Os amigos passavam por lá, para uma boa cavaqueira. O Pero ria e falava muito, mas o olhar ficava fitado no que estava a fazer. Não queria faltar ao compromisso a que se impunha para com os fregueses. 

O sentido da responsabilidade, estava acima de tudo! 

Nas horas vagas as crianças sentavam-se em cadeiras de buinho à sua volta, ouviam belas histórias de encantar e depois deixava-as sonhar e julgar serem verdadeiras. 

Todos os dias visitava a irmã Maria Joana. Bem cedo ia beber uma cafezada e pôr a conversa em dia. 

Na chaminé de chão de ladrilho à hora certa com a chama ao rubro, fervilhava a água e o testo na cafeteira de barro, pronta para colocar dentro, duas colheres bem cheias de café e uma brasa à chegada do mano Pero. Depois espalhava as brasas e colocava em cima o pão a torrar. A banha de porco, vermelha de fritar a carne untava o pão e ali mesmo bebiam o café na tigela e comiam a torrada ao som de muita conversa.  

Ao fim da tarde dirigia-se à Sociedade onde todos os elementos da banda de músicos se reunia a ensaiar o reportório para atuarem em festas e procissões, que fossem solicitados. 

Já lá ia o tempo em que a noite que não tinha lua, era breu, só a orientação e conhecimento do terreno que pisava o fazia chegar a casa ou uma ou outra candeia de azeite acesa, que a fresta da porta, mal iluminava. 

Agora já haviam os candeeiros pelas ruas. O Acendedor de Candeeiros ao pôr-do-sol palmilhava as ruas carregando uma escada ou uma vara, um recipiente de azeite ou petróleo para acender todos os candeeiros da vila, perante os mirones das pessoas que se sentiam envaidecidas. 

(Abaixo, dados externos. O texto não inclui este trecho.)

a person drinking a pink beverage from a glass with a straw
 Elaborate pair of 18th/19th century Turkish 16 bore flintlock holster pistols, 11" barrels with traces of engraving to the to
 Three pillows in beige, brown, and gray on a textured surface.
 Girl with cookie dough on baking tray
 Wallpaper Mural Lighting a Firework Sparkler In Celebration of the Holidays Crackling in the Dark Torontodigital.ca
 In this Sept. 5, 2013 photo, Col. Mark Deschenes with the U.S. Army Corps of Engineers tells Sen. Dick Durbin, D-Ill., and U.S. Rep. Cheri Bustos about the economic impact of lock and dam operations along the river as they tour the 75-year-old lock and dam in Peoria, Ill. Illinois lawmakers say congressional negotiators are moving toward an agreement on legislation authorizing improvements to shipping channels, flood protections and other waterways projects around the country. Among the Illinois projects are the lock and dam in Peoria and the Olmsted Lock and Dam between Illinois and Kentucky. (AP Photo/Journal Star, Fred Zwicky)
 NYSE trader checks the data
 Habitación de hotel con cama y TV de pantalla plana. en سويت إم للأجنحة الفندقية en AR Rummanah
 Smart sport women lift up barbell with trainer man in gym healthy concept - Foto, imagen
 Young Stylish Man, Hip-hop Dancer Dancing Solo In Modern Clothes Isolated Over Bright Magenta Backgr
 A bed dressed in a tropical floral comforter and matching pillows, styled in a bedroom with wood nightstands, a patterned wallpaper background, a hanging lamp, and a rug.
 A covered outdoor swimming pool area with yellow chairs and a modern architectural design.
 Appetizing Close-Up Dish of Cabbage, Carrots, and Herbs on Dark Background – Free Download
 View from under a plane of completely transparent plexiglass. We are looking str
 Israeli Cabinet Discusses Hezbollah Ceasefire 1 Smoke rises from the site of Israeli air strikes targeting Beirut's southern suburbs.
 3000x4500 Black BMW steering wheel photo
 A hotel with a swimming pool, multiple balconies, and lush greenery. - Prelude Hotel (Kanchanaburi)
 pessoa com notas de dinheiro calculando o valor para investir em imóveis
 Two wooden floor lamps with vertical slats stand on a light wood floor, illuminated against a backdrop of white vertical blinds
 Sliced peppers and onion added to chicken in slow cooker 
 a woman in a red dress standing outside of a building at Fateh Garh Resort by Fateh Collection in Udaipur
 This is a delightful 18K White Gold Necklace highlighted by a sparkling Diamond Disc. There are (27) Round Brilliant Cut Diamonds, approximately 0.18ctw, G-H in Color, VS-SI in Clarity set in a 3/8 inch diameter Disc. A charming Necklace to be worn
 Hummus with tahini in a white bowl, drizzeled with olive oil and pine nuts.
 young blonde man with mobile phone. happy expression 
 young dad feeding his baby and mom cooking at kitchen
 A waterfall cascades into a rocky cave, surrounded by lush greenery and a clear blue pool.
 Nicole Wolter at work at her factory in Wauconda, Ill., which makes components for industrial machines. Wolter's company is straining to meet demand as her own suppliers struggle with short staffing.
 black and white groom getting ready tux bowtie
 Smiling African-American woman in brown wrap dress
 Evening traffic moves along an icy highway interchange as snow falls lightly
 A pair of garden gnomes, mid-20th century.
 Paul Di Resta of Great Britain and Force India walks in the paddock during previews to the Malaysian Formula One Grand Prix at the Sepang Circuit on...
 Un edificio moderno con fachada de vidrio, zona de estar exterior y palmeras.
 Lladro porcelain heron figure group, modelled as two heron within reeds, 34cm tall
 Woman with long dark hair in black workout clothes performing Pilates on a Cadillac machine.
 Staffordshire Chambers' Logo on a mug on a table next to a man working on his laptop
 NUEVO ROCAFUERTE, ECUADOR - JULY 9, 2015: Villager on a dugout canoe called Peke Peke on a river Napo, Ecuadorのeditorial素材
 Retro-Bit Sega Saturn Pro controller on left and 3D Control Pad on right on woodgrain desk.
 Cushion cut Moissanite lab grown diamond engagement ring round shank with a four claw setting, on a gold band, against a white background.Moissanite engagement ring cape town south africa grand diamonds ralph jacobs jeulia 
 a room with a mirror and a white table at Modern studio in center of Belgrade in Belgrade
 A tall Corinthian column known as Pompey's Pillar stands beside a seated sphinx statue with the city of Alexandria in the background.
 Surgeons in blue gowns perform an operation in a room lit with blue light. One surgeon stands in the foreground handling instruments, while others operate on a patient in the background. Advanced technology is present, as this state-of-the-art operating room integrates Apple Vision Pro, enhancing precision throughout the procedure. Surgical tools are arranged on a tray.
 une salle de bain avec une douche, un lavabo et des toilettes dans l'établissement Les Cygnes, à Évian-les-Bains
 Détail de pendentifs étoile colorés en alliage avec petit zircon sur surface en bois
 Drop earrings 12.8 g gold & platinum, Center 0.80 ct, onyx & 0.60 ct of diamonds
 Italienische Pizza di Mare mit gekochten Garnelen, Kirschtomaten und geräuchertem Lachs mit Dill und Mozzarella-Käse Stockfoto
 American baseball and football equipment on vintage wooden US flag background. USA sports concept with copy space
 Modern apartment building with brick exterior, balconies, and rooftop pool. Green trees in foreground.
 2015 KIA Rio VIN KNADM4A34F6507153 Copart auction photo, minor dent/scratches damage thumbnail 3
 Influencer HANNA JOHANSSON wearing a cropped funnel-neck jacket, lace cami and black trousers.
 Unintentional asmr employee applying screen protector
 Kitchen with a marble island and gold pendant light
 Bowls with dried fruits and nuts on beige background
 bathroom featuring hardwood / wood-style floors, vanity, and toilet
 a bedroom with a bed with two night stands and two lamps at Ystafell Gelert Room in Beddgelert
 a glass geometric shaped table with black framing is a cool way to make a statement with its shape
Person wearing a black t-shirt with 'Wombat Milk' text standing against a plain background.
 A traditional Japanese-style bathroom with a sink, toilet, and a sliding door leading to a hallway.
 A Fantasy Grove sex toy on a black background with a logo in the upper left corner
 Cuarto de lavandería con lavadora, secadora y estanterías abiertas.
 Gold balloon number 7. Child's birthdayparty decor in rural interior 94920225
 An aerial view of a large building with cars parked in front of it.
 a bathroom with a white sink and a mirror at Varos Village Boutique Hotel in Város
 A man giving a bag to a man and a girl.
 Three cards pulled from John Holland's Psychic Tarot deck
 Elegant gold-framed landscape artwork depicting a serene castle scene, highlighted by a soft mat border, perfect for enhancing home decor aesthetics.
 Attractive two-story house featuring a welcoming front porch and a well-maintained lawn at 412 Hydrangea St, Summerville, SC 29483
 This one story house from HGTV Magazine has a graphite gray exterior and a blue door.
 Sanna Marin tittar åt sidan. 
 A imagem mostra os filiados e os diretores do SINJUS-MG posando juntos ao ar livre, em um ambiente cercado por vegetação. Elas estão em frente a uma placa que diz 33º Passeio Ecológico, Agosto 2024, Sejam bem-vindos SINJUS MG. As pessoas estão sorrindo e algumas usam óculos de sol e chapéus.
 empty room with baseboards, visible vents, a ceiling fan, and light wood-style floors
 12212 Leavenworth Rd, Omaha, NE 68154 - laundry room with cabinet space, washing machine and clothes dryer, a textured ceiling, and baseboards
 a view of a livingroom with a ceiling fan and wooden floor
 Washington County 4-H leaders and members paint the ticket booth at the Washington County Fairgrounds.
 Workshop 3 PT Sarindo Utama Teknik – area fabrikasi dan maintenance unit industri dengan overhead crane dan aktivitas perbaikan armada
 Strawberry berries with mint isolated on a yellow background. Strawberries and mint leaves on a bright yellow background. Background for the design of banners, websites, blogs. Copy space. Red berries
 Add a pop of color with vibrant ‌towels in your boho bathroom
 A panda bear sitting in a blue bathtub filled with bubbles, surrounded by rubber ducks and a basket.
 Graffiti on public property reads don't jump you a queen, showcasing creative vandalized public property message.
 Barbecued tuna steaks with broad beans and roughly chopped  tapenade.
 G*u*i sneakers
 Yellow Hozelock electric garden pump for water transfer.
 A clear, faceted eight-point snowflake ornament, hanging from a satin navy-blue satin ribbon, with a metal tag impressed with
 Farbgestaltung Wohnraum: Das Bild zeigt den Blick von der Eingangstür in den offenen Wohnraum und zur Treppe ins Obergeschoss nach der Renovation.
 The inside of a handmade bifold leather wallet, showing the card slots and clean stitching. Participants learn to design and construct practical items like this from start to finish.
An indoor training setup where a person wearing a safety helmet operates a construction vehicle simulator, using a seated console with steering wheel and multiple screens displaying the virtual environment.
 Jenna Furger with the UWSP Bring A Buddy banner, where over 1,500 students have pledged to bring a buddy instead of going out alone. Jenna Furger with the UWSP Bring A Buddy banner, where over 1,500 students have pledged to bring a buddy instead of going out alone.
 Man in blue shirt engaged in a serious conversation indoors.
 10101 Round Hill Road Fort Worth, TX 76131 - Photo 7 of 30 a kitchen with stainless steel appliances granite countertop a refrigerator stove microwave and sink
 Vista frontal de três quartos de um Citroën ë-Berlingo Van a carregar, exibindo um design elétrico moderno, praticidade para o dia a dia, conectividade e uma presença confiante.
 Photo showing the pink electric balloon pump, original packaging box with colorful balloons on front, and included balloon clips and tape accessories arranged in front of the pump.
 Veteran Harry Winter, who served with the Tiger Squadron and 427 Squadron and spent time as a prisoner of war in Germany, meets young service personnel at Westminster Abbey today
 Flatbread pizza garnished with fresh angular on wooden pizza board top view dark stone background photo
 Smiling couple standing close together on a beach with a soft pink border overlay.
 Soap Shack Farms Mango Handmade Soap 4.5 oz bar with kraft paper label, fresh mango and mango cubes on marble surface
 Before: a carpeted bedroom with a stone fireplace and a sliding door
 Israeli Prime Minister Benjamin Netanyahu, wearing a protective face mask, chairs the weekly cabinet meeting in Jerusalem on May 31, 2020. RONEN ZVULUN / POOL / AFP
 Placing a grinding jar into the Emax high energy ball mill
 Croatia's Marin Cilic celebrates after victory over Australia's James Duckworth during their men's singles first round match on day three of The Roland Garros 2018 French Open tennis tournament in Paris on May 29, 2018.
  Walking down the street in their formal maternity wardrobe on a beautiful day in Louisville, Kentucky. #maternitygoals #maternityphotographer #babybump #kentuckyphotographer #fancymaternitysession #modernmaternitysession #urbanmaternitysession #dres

Eram postes de ferro esguios com lampiões no alto (suporte em ferro ou caixa, com vidro por todos os lados ou deles com um fecho). Serviam para abrigo do vento. Pela manhã vinham apagar a luz, limpar as chaminés e fazer a manutenção. 

À tarde pelas ruas e em dias de muito calor, as mulheres sentavam-se à porta ou num poial e os homens entretinham-se num canto da rua, num largo, ou na taberna de conversa. Cada um que passava fazia a sua saudação e por momentos parava e dizia a sua laracha. Ao fundo ouvia-se o toque do clarinete do Ti Pero que praticava harmoniosamente em frente à pauta que colocava na estante com ripas de madeira.